0
votes

I am really confused here as a newbie to Celery and would like some inputs on how celery with message broker as rabbitmq are handling task dependencies when client (ipython) submits a DAG using Celery Canvas (workflow) primitives like Chain, Chord and Group.

Let's say I have a DAG where A --> (B, C) --> D (Diamond DAG) where A will run first followed by B and C in parallel and output of B and C will be used as input in D.

I was able to come up with a DAG i.e.

wf = (A.s(2, 2) | group(B.s(), C.s(25)) | D.s(1000)).delay()

My understanding is that 1) client submits a DAG 2) Celery converts this DAG into a message (usually in JSON) 3) Sends this message to message broker 4) Message broker has some idea about dependencies? (not sure) and based on dependencies puts the task in queue 5) Workers who have subscribed to the queue picks up the task and execute.

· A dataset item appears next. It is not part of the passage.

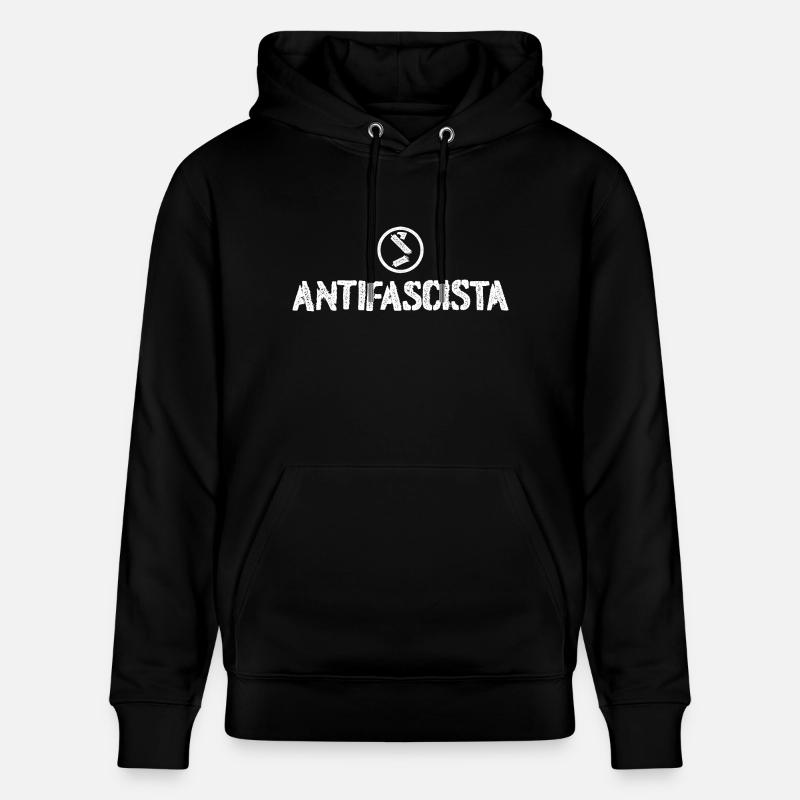Antifasciste - Sweat à capuche bio CRUISER Stanley/Stella Unisexe - noir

I am confused as to who is the incharge here to make sure that workers execute the tasks according to the dependency. Do celery workers have an idea about dependency? Is there some kinda metadata management that broker does?

Any inputs here will be appreciated. Thanks!

1

1 Answers

0
votes

Actually celery use kombu under the hood as message transport mechanism and there are few more dependencies of celery who do different job for celery to make celery the high level framework not to be aware of many/diverse task for end users/developers. You just use celery for tasks and others and under the hood specific libraries like kombu, billiard etc do their tasks. You better check the source code of celery to have more insight.